H. Prudential Conditions Related to Sanction

12. The credit policies of a lender shall incorporate suitable clauses for sanction of project finance exposures, taking into account inter alia the provisions under these Directions.

13. For all projects financed by a lender, it shall be ensured that:

(a) Financial closure has been achieved and original DCCO is clearly spelt out and documented prior to disbursement of funds.

(b) The project specific disbursement schedule vis-à-vis stage of completion of the project is included in the loan agreement.

(c) The post DCCO repayment schedule has been realistically designed to factor in the initial cash flows.

Provided that, the original or revised repayment tenor, including the moratorium period, if any, shall not exceed 85% of the economic life of a project.

14. For a given project, original/extended/actual DCCO, as the case may be, shall be same across all lenders to the project.

15. In under-construction projects where the aggregate exposure of the lenders is up to ₹1,500 crores, no individual lender shall have an exposure which is less than 10% of the aggregate exposure. For projects where aggregate exposure of all lenders is more than ₹1,500 crores, the exposure floor for an individual lender shall be 5% or ₹150 crores, whichever is higher.

Provided that, the above minimum exposure requirements shall not apply post-actual DCCO and lenders may freely acquire from or sell exposures to other lenders, in compliance with guidelines contained in the Master Direction on Transfer of Loan Exposures as updated from time to time. Prior to actual DCCO, lenders may acquire from or sell exposures to other lenders under a syndication arrangement4, provided the share of individual lenders is in adherence to the above limits.

16. A lender shall ensure that all applicable approvals/clearances for implementing/constructing the project are obtained before financial closure. An indicative list of such pre-requisite approvals/clearances includes environmental clearance, legal clearance, regulatory clearances, etc., as applicable to the project.

17. Approvals/clearances which are contingent upon achievement of certain milestones in terms of project completion would be deemed to be applicable only when such milestones are achieved. For example, consent to operate a boiler can only be applied for after the construction of a boiler. Hence, the same would not be treated as an applicable mandatory pre-requisite at the time of financial closure.

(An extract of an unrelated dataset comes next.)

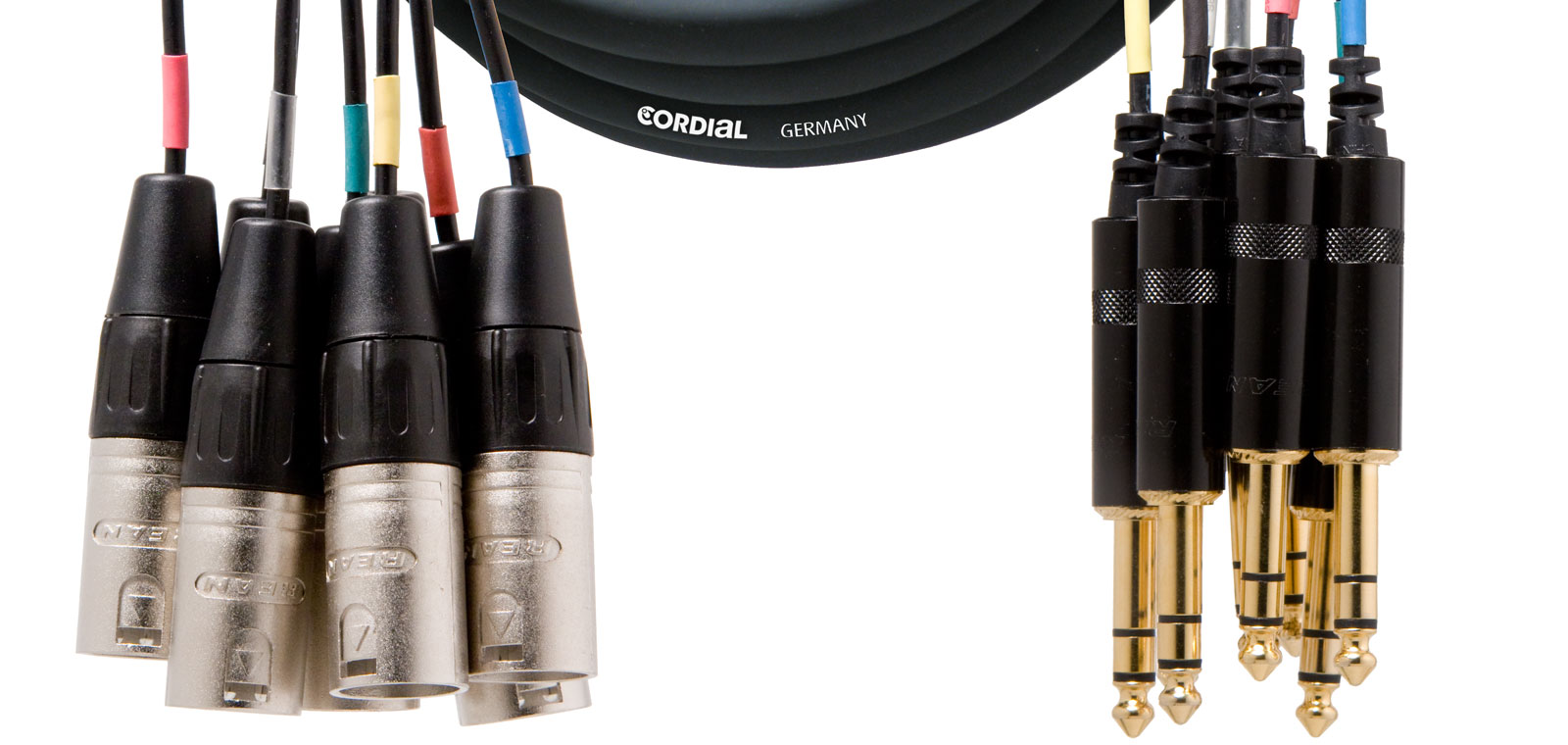CORDIAL Multipaire 8 XLR Mâle/8 Jack Stéréo 5 M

I. Prudential Conditions Related to Disbursement and Monitoring

18. A lender shall ensure availability of sufficient land/right of way for all projects before disbursement of funds, subject to the following minimum requirements:

(a) For infrastructure projects under PPP model – 50%

(b) For all other projects (non-PPP infrastructure, and non-infrastructure including CRE & CRE-RH) – 75%

(c) For transmission line projects – as decided by a lender

19. In case of infrastructure projects under PPP model, disbursement of funds shall begin only after declaration of the Appointed date or its equivalent, for the project. However, in cases where non-fund based credit facilities may be mandated by the concession granting authority as a pre-requisite for declaration of appointed date, a lender may sanction such credit facilities, in adherence with the extant regulatory instructions on non-fund based facilities.

20. Further, in respect of the exposures mentioned at paragraph 19 above, the original DCCO documented in the financial closure document may be modified to reflect any change in the ‘Appointed Date’ by the Concession granting authority prior to disbursement of funds by way of a supplementary agreement between a lender and the debtor subject to reassessment of project viability and obtention of sanction from appropriate authorities. A Techno-Economic Viability (TEV) study shall be required for this purpose for all projects where the aggregate exposure of all lenders is ₹100 crores or more.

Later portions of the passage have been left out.